PETUNIA GOES WILD
By Paul Schmid
(Harper, 2012)
WILD FEELINGS
By David Milgrim
(Henry Holt and
Company, 2015)
Kids easily connect
to wild animals. Running around, roaring and growling, is incredibly
freeing. (Why did we ever stop?)
I’m a big fan of
Paul Schmid’s Petunia. I first discovered her in the delightful A
Pet for Petunia when she begged
and begged her parents for a pet skunk. As a teacher and principal, I
often carried the book from classroom to classroom, one of my Stack
of Five. (I do a quick book talk about five picture books and then
let the audience vote to determine which one I read aloud during the
visit.) Sadly, the book was rarely chosen no matter how much I talked
it up.
It
seems Petunia is an in-between character. On the cover of each book,
she wears a purple and white striped dress. Sadly, I suspect that the
color and her gender caused many of the boys in class to withhold
their vote. They say boys are less inclined to warm up to books with
girls as the main character; I’m intent on changing that. I think
many of the girls don’t vote to hear about Petunia because she’s
not stereotypically girlish. She’s more Olivia (the pig) than Belle
(the princess).
I
often read A Pet for Petunia as
a “bonus read” after the top vote getter. (“But it didn’t
even come in second,” someone always says. Ah, let’s expand our
horizons.)
Like
it’s predecessor, Petunia Goes Wild
works best as a read-aloud when you’ve read it to yourself a couple
of times. You want to nail the part of Petunia. There are stereotypes
to be broken, after all. Petunia has a stuffed animal that’s a lion
and—no, she doesn’t want a pet lion this time around. Rather,
Petunia is a lion. She
roars at passersby from the front yard, she crawls and eats from the
floor, she even bathes in a mud puddle. So very lion-ly.
For
a parent, all this feral, feline behavior can be problematic. As in A
Pet for Petunia our feisty,
persistent main character eventually drives her parents to utter
exasperation. There
is an incredibly wordy page that is the most fun to read out loud.
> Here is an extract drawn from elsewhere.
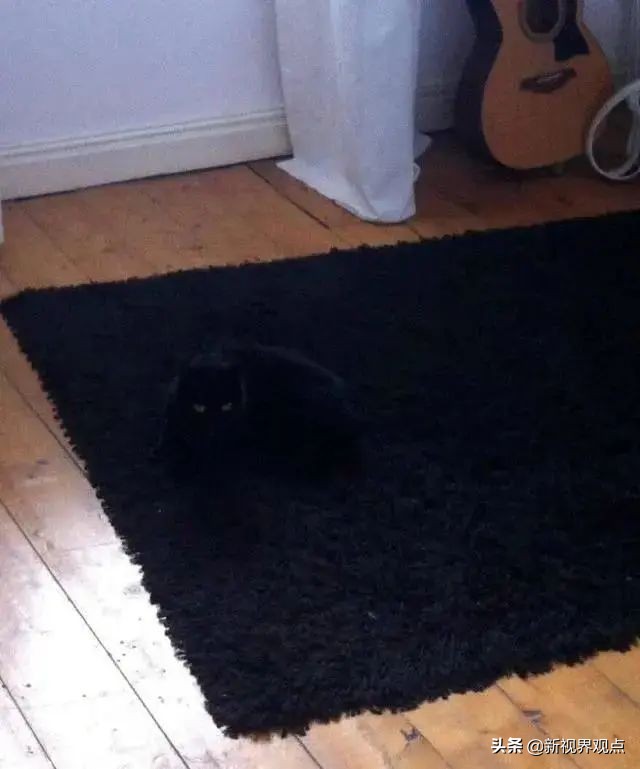 神奇的视觉错位图30张,神奇的错位照片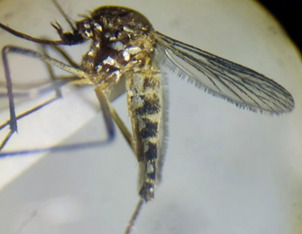 NOVA DENGUE: Variante pálida do Aedes aegypti é registrada na Amazônia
It’s a classic parental rant.
And,
as a read-aloud, at least, kids love it. They
all have parents who’ve succumbed to a rant.
Petunia
is both genuinely funny and wildly imaginative.
The
cover photo of David Milgrim’s Wild Feelings shows
the main character—a boy this time—dressed as a lion, mouth agape
in full roar. Milgrim goes through a series of familiar similes,
comparing feelings to animals.
Do
you ever feel...
as stubborn as
a mule?
Or as chicken
as a chicken?
This
is a book for kids—especially boys—to connect with a range of
often negatively viewed feelings. It’s a springboard for talking
about them and normalizing them.
So
what’s an acceptable thing to do when you’re “rrrrrreally mad”?
How do you recover when it’s all over, when perhaps things didn’t
go so smoothly while
you were in the midst of the mood?
Picture
books like this not only entertain, but they open the door for
talking about more difficult things. They can be reference points
after the fact as well. (Remember that book we read
about...?) If kids can name
their feelings and talk about them, the “bad” feelings won’t go
away but they’ll learn how to work through them (more appropriately
over a period of time). They’ll also give their temperamental
friends some support and/or
space when they’re in such a mood.
I’m
wild about both these books. Track them down and have a roaring good
time sharing them with the kids closest to you.